Figure 2: ChatGPT responds with reasons why there aren’t more electric cars in Texas.
ChatGPT is powered by LLMs. Before ChatGPT, one of the few places LLMs have been widely deployed to great impact is within Google search. A reasonable person should marvel at the dynamism and utility of Google search in both how it receives input (natural language via voice, full statements and questions, context-aware requests) and the usefulness of the responses it promptly returns in human-readable form, thanks in some part to the trove of human-generated content crammed into html, pdf, etc. on billions of websites. Most people quickly notice the difference between a Google search and one in a different application or product that requires them to more deftly request information via “keywords” to find the document or snippet they need. For example, just try searching “the best soup in the world” on Wikipedia and the results are not good (Example 3). Place that same query into Google and they are indeed much better (Example 4). But even if you restrict Google to only search the Wikipedia site itself (site:en.wikipedia.org), they are still better than the native search on Wikipedia. (Example 5).
Figure 3: Wikipedia search offers no results matching a query for the best soup in the world.
Figure 4: Google search offers results matching a query for the best soup in the world.
Figure 5: Google search offers results matching a query for the best soup in the world, limited to Wikipedia.
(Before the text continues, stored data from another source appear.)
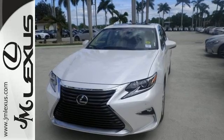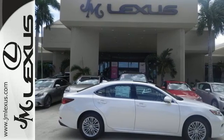This ES350 is ready to satisfy your driving desires. Make it yours today.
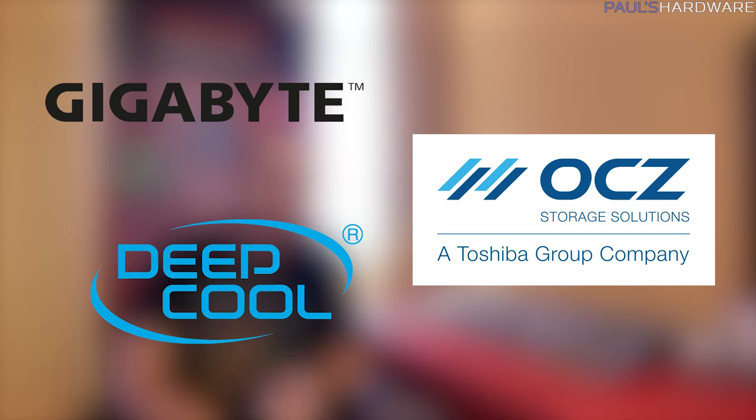What's up guys? Welcome back to my CES 2017 coverage from Las Vegas, Nevada. I am here at the Toshiba Suites. I'm actually going to be looking at some OCZ products right here because OCZ is of course a Toshiba company. I need to start off by thanking my sponsors for CES 2017: Gigabyte, Deepcool, and of course Toshiba.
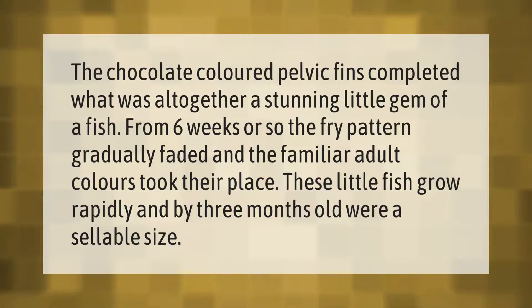The chocolate-colored pelvic fins completed what was altogether a stunning little gem of a fish. From six weeks or so, the fry pattern gradually faded and the familiar adult colors took their place. These little fish grow rapidly and by three months old were a sellable size.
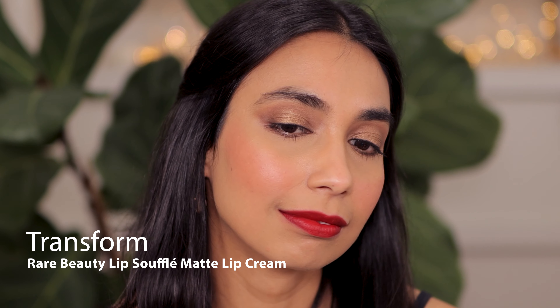I think it is pretty. Lastly, I have Transform — this is beautiful, a deep wine. I didn't have too much trouble making this look even; it applied really nicely. Beautiful color — I'm actually really loving this.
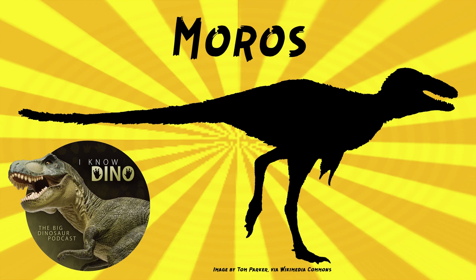And now on to our dinosaur of the day, Moros, which was a request from Paleo Mike 716 via our Patreon and Discord, so thanks. It was a tyrannosauroid that lived in the late Cretaceous in what is now Utah in the U.S., Cedar Mountain Formation.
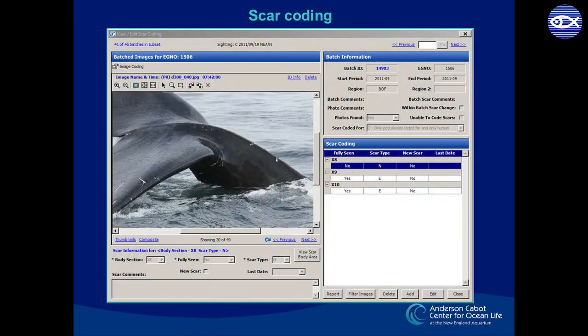Using the scar coding console of the Digits platform that you heard about in the right whale program's catalog video, I review every photo of every right whale sighted during a particular year, and I code for any new anthropogenic — that is, human-caused — scars that they acquired, whether from vessel strikes or entanglement.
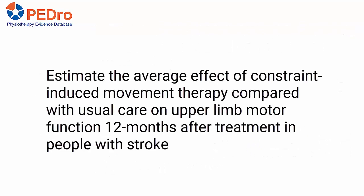The aim of this trial was to estimate the average effect of constraint-induced movement therapy compared with usual care on upper limb motor function 12 months after treatment in people with stroke.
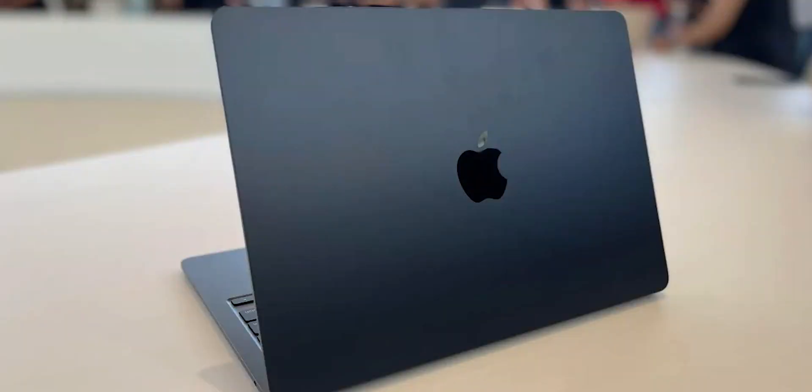Let me guess, you've got your eyes on the shiny new M2 MacBook Air — well, not shiny if you fancy the matte black one, but that's not the point. I know you've probably got it in your cart already and you're getting ready to check out, but wait just a moment, because you might be making a mistake.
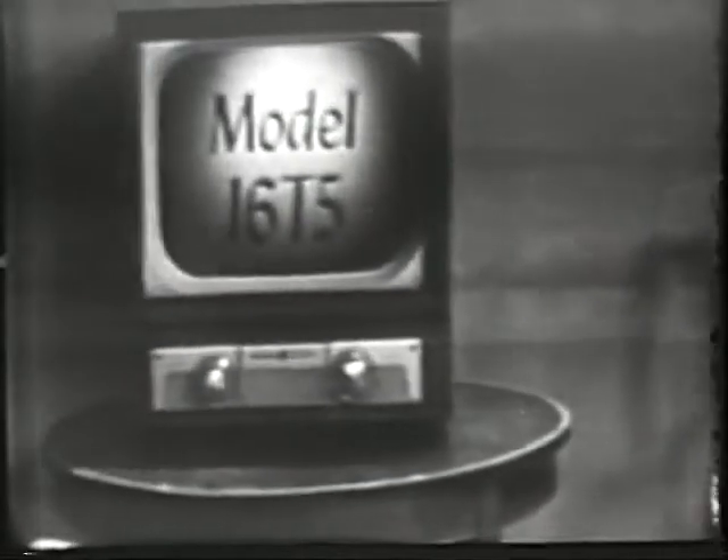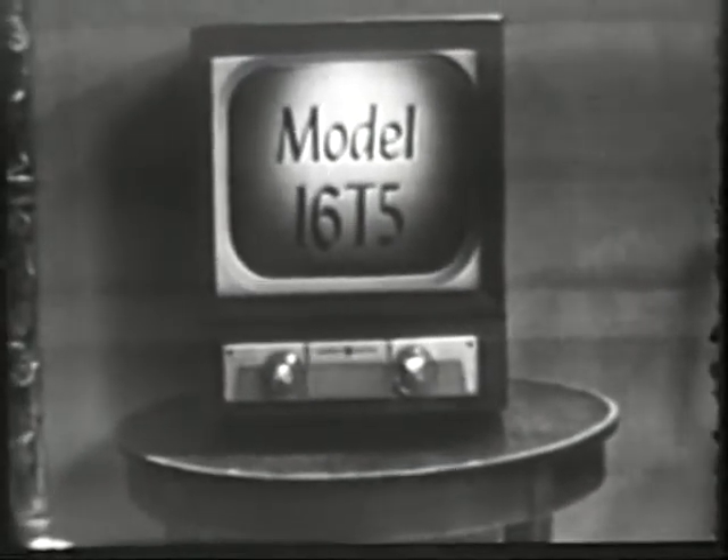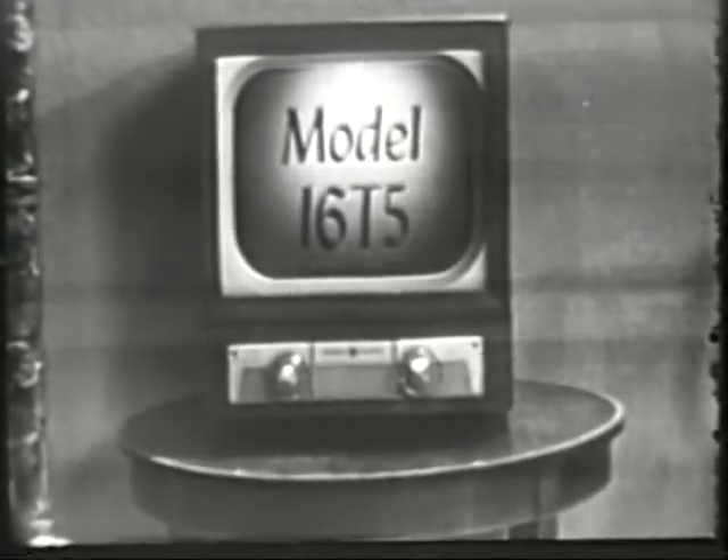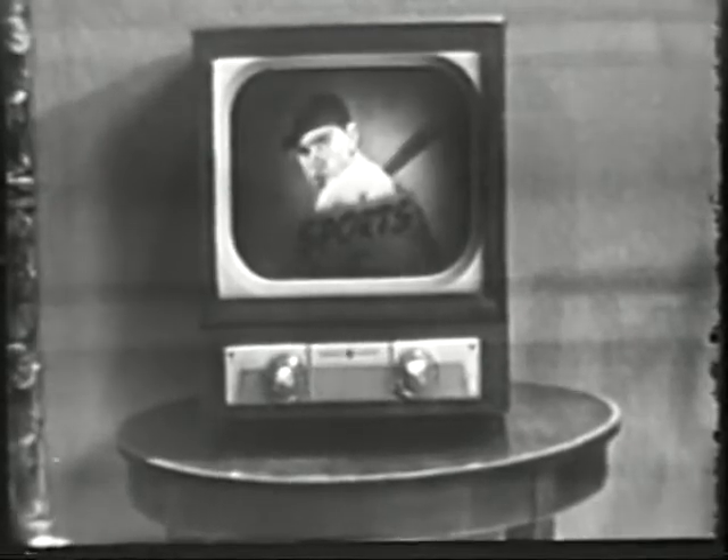Yes, sir, if you want real entertainment, the best place to find it is in front of a General Electric Black Daylight Big as Life television set. Sports, comedy, drama, news, music, yes, they're all yours merely at the turn of a dial.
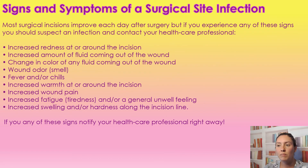Let me go over the signs and symptoms of a surgical site infection. Your surgical incision should be improving each day after surgery, but if you experience any of these signs, please get ahold of your primary care professional: increased redness, increased drainage, increased pain, unusual fluid or odor coming out, new fevers or chills, new warmth around the incision site, increased wound pain, increased fatigue and feeling unwell, increased swelling, and increased hardness around that incision site. Anytime we have changes that are for the worst or our health feels worse, contact your healthcare professional right away because more than likely there is a surgical site infection brewing.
That is partly because keyword search – the current technique used by most search engines today – is not a natural language prompt. It demands that users parse their question into a format that a keyword engine can understand, sometimes using their memory (I think this unique/special word was in the doc) or imagination (a document like the one I’m looking for would probably contain this word). It is not quite as specific as a programming language, but it is distinctly not a natural language exercise. This isn’t what most people want when they search. They actually have a real question. “What time will the next train leave?”; “How old is Michael J Fox?”; “Who said ‘If you can’t explain it simply, you don’t understand it well enough’?” We experience Google achieving this using neural networks and knowledge graphs. But what about every other application and site on the planet?
How is this obviously different and obviously valuable interface for finding information being delivered to customers of products not named Google search? This is the potential of LLM-powered search (aka neural search). If I said this last week, before so many have seen what ChatGPT can do, you might have been inclined to utter “meh”. But, you know, now that you have seen Google at its best and ChatGPT in its couple of weeks or so in the wild, that this would be a mistake.
ChatGPT just opened the door and the minds of many people across the world to see the power of LLMs, not only because of the interesting or surprising answers being provided, but also because of the simplicity of the interface – natural language. This interface may be at the core of almost all future human computer interactions, even those that benefit from compiled code as the code itself may be produced or co-produced with the help of an LLM. Natural language has the very real potential to be the dominant computer language of the next decade.